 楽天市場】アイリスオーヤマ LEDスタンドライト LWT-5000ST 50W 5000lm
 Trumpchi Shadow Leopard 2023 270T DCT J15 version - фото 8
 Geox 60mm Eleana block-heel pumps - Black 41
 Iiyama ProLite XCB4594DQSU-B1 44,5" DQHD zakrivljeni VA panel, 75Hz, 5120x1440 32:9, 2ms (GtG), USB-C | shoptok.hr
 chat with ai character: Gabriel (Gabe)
==
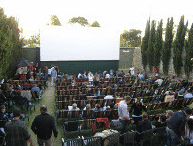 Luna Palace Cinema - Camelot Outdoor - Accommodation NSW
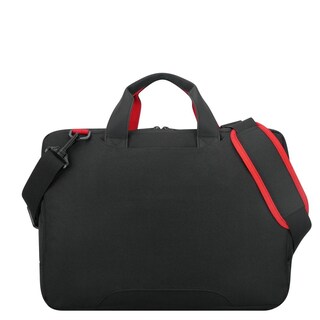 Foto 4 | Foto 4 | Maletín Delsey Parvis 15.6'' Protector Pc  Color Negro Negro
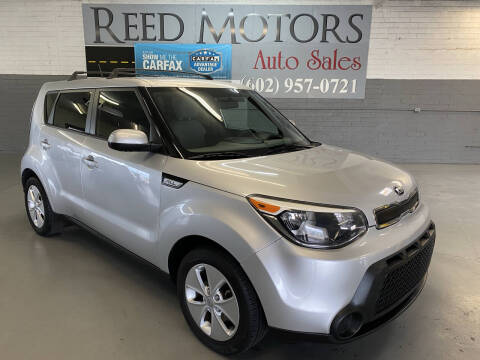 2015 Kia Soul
--
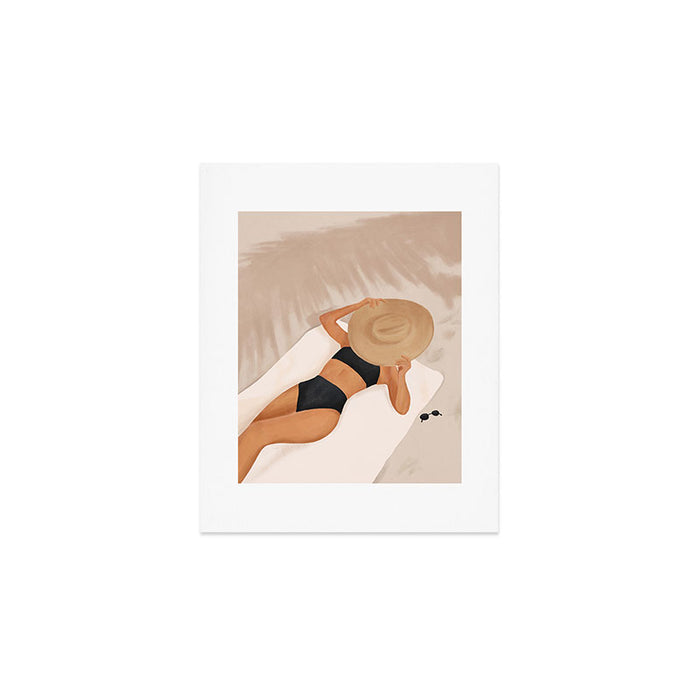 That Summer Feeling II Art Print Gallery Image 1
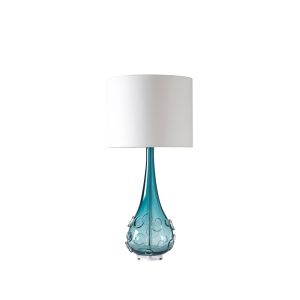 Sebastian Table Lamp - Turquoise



◆ **TASK OBJECTIVE**
The reply should hold the entries above from the line with "Luna Palace Cinema" to the line with "2015 Kia Soul", duplicated exactly, pictures excluded.

◆ **EXERCISE ANSWER**
 Luna Palace Cinema - Camelot Outdoor - Accommodation NSW
 Foto 4 | Foto 4 | Maletín Delsey Parvis 15.6'' Protector Pc  Color Negro Negro
 2015 Kia Soul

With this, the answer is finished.